Did you manually change the status of those particular things? Because that’s not what I was getting at.

All I did was look at the most common things I know off the top of my head are mistaken for web standards when they are not. I did not review anything else. So if you just changed the status of those things, there’s more fixes you need to make.

For instance, I just took another look, and I saw that BackgroundSync is not marked as non-standard. But Mozilla are negative on it:

> We're concerned that this feature would allow users to be tracked across networks (leaking private information about location and IP address and how they change over time), and that it would allow script execution and resource consumption when it isn't clear to the user that they're interacting with the site. We might reconsider this position given evidence that these concerns can be safely addressed.

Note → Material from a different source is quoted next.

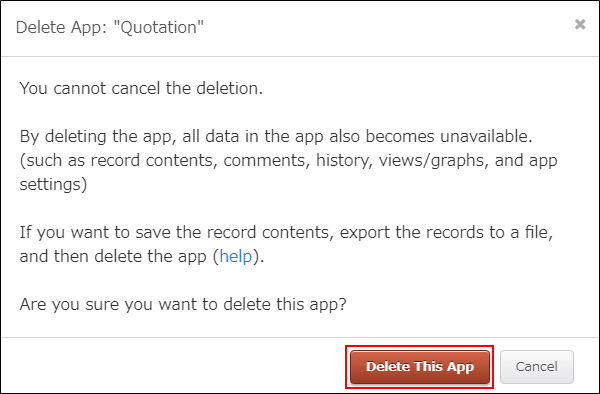 Screenshot: The "Delete App: (App Name)" dialog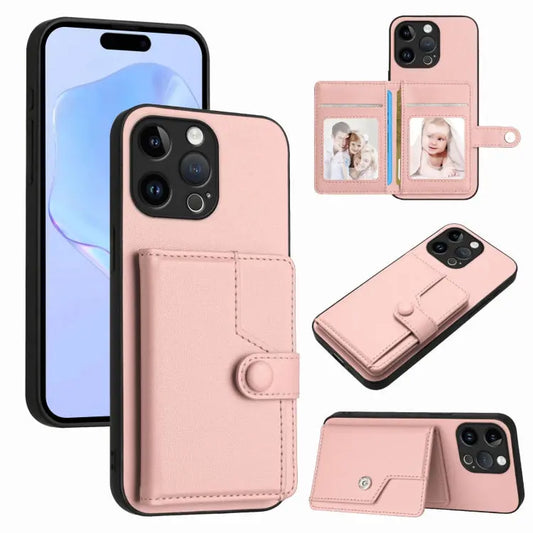 Button Card Bag RFID Anti-theft Phone Case, For iPhone 15 Pro Max, For iPhone 15 Pro, For iPhone 15 Plus, For iPhone 15  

https://mozilla.github.io/standards-positions/#background-sy...

And Apple have concerns and have not committed to it either:

> Adding concerns: power as generally having activity running in the background is not great for battery life. In my experience as a user of "native" apps this can also be tricky to get right. Sometimes background syncing would have taken place, but the moment you open the app it does another sync and blows away the content you just started to read.

> Adding concerns: privacy as this would allow a website to monitor you switching IP addresses. As the draft notes there also some network attacker leaks due to this, revealing origins that you visit that use this functionality to them.

https://github.com/WebKit/standards-positions/issues/14

If you look at the spec. it has “Unofficial draft” displayed very prominently all over it, and also states:

> It is not a W3C Standard nor is it on the W3C Standards Track.

https://wicg.github.io/background-sync/spec/

So again, this seems to be a Blink-only API that only Google have implemented, not standard functionality. How many of these fails are actually just Google doing their own thing with no buy-in from other rendering engines? “PWAscore” is a reasonable thing to build, but “Chromescore” where you measure against all the non-standard things Google have implemented by themselves is not a reasonable thing to build.

Also, you have “Not supported” for push notifications in Safari, but if you check Can I Use, you will see that it works for installed PWAs and is only unavailable to websites you visit. Since the purpose of your site is to score based on PWA support, this should be a success, not a fail.

Personally, I would remove all the non-standard stuff. Not give a big list of standard and non-standard stuff mixed together.